### GIVEN DATA

Content starts

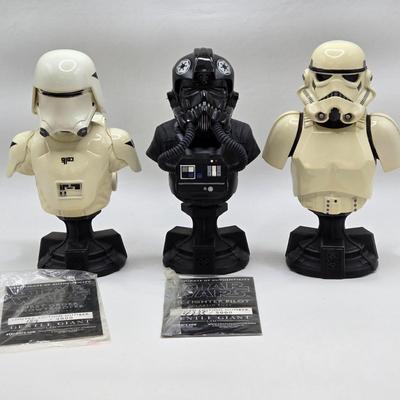 LOT 54: Limited Edition Numbered Star Wars Busts/ 2 with Certificates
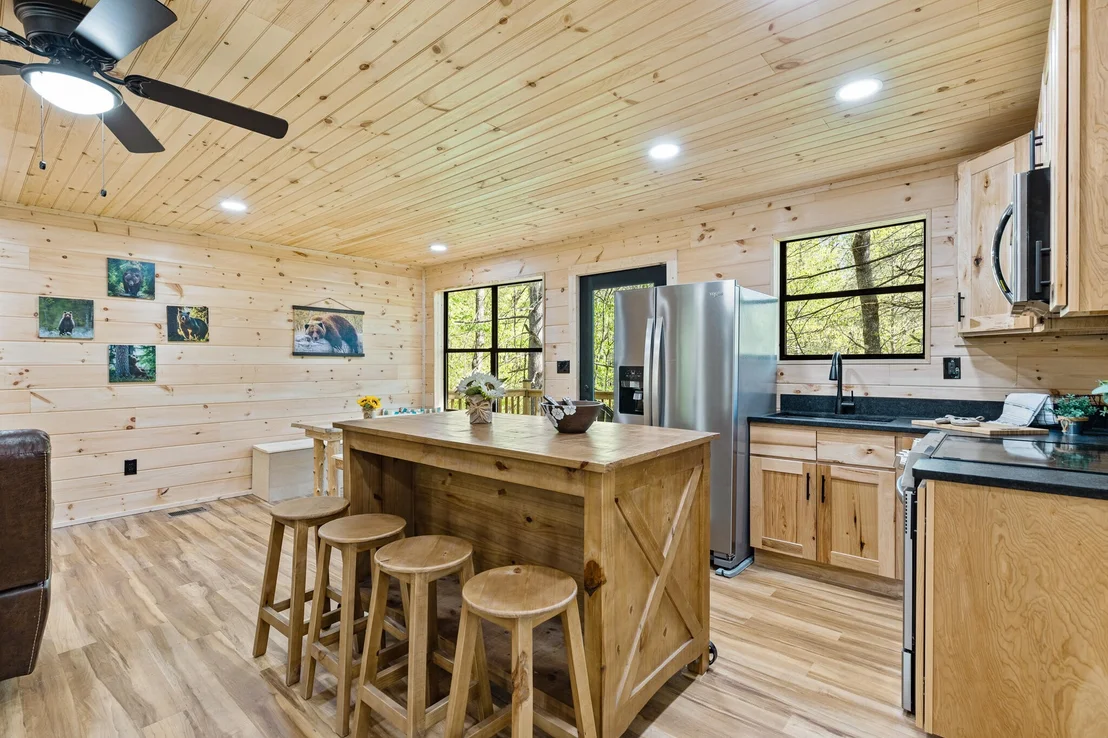 Photo of 1080 Shell Mountain Road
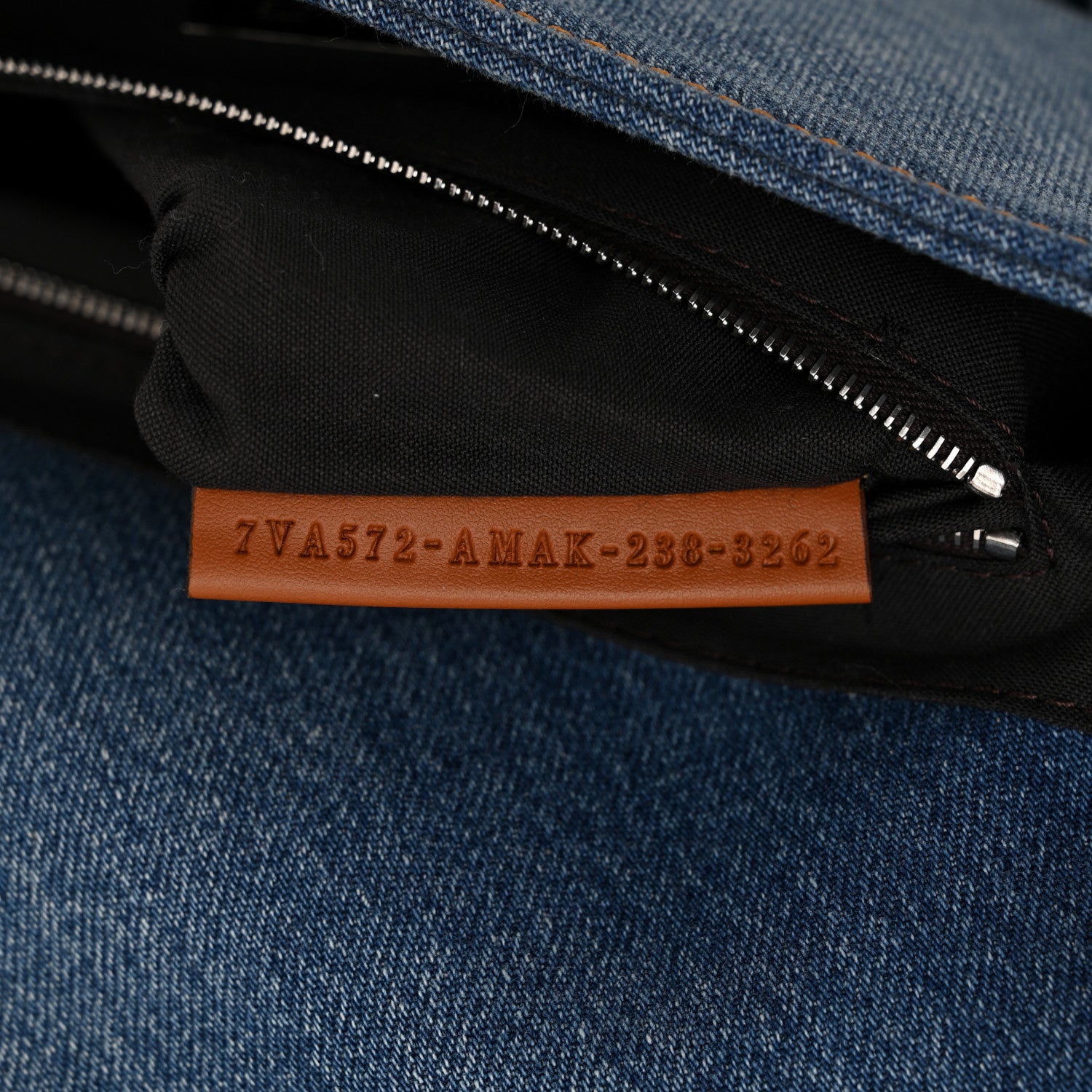 Fendi Denim Lavato Cuoio Frayed Baguette Denim Chiaro Cuoio 7 of 10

Content ends

### WHAT YOU NEED TO DO
Transcribe the material above in full. No picture is to be copied.

### TASK ANSWER
 LOT 54: Limited Edition Numbered Star Wars Busts/ 2 with Certificates
 Photo of 1080 Shell Mountain Road
 Fendi Denim Lavato Cuoio Frayed Baguette Denim Chiaro Cuoio 7 of 10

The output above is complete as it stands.